──────── Supplied data
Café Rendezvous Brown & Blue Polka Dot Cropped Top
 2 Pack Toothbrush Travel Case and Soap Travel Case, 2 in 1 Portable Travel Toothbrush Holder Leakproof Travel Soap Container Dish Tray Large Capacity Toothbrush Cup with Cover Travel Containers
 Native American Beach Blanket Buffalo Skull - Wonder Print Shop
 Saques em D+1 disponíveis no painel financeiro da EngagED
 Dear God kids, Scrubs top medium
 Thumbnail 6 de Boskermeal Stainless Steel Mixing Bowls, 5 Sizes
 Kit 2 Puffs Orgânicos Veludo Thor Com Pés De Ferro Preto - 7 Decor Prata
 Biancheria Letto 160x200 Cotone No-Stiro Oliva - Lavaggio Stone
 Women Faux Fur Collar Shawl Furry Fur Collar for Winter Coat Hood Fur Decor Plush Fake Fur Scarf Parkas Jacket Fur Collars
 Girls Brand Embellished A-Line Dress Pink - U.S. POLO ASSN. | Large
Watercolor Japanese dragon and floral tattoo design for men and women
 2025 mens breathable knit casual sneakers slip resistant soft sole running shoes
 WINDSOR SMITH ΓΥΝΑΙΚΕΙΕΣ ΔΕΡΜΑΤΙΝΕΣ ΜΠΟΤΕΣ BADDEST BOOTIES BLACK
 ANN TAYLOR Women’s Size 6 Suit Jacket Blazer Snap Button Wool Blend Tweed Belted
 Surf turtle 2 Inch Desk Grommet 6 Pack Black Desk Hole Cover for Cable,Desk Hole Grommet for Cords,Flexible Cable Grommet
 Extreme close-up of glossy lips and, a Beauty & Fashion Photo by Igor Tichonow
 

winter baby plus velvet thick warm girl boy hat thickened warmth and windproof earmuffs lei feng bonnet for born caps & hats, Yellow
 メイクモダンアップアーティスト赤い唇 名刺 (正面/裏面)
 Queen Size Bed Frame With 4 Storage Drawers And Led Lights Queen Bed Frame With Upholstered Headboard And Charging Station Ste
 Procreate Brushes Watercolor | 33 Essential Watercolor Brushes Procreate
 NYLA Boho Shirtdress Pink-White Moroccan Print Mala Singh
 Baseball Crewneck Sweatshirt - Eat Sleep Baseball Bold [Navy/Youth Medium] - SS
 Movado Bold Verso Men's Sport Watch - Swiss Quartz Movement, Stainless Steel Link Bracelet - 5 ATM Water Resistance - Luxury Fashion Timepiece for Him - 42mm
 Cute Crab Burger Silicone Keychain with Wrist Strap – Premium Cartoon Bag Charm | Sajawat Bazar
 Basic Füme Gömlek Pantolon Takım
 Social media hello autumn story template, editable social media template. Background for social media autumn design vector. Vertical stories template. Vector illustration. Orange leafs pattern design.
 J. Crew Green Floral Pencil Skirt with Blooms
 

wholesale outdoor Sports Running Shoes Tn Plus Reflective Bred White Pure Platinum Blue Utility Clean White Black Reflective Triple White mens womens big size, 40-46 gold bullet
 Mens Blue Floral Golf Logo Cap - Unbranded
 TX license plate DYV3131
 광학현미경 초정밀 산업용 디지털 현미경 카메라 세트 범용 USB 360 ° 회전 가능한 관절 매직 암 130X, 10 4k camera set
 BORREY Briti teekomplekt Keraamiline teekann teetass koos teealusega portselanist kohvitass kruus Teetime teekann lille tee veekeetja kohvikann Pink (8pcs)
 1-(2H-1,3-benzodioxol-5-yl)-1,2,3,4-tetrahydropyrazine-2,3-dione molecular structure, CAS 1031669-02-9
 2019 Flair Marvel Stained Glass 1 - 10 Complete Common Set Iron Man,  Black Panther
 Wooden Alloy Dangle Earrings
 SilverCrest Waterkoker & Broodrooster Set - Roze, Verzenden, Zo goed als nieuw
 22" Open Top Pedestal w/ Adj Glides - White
────────────────
The problem:
Using the entries above, output exactly the lines between the line holding "광학현미경 초정밀 산업용" and the line holding "BORREY Briti teekomplekt", end lines included, and nothing more.

Response to the exercise:
 광학현미경 초정밀 산업용 디지털 현미경 카메라 세트 범용 USB 360 ° 회전 가능한 관절 매직 암 130X, 10 4k camera set
 BORREY Briti teekomplekt Keraamiline teekann teetass koos teealusega portselanist kohvitass kruus Teetime teekann lille tee veekeetja kohvikann Pink (8pcs)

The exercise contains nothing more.